Her dresses fit like a suntan.
"They show off your best assets," says actress Ann Turkel, who has been a customer for years. Many dresses are made with shaped bust lines reinforced with dozens of bones.
"I think they're sexy," another customer, Alana Stewart, says.
Tiel describes her clients as she might describe herself. They're women who like men.
"The 28% who don't want to cuddle," Tiel laughs, alluding to the Ann Landers sex survey.
"Half of the women I dress are actresses, people in the arts, gallery owners, journalists. I also dress really hot lawyers."
The other half, she says, are "wives--courtesans in the sense that they never intended to work. Women who don't bring home the bacon. A courtesan is brought up to give a great party. They are wonderful wives for successful men. In the old days they were paid off with jewels. Now they get to redecorate every five years. Unfortunately, the husbands of my women are extremely busy making deals. I think my clothing helps distract the husbands."

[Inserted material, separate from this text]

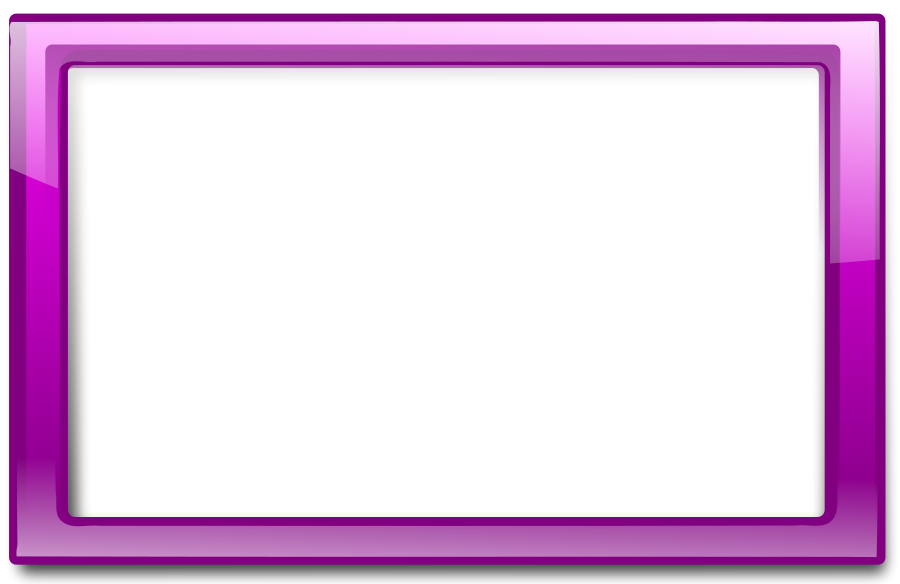 Glossy Transparent Purple Frames SVG Vector file, vector clip art ...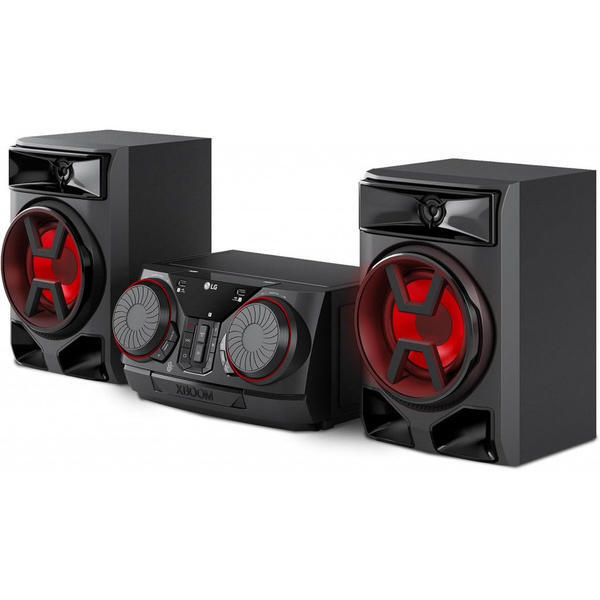 LG CK43N party speaker Black, imported from the UK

Tiel is aware that her comments often get her "in trouble with the feminists. But what I do is about aesthetics. It has nothing to do with being equal to men. As far as I'm concerned, I am a man. Every way they behave, I behave. The only difference between us is the sexual instruments. To look beautiful and desirable is positive. Men use every weapon they've got, so I use every weapon I've got."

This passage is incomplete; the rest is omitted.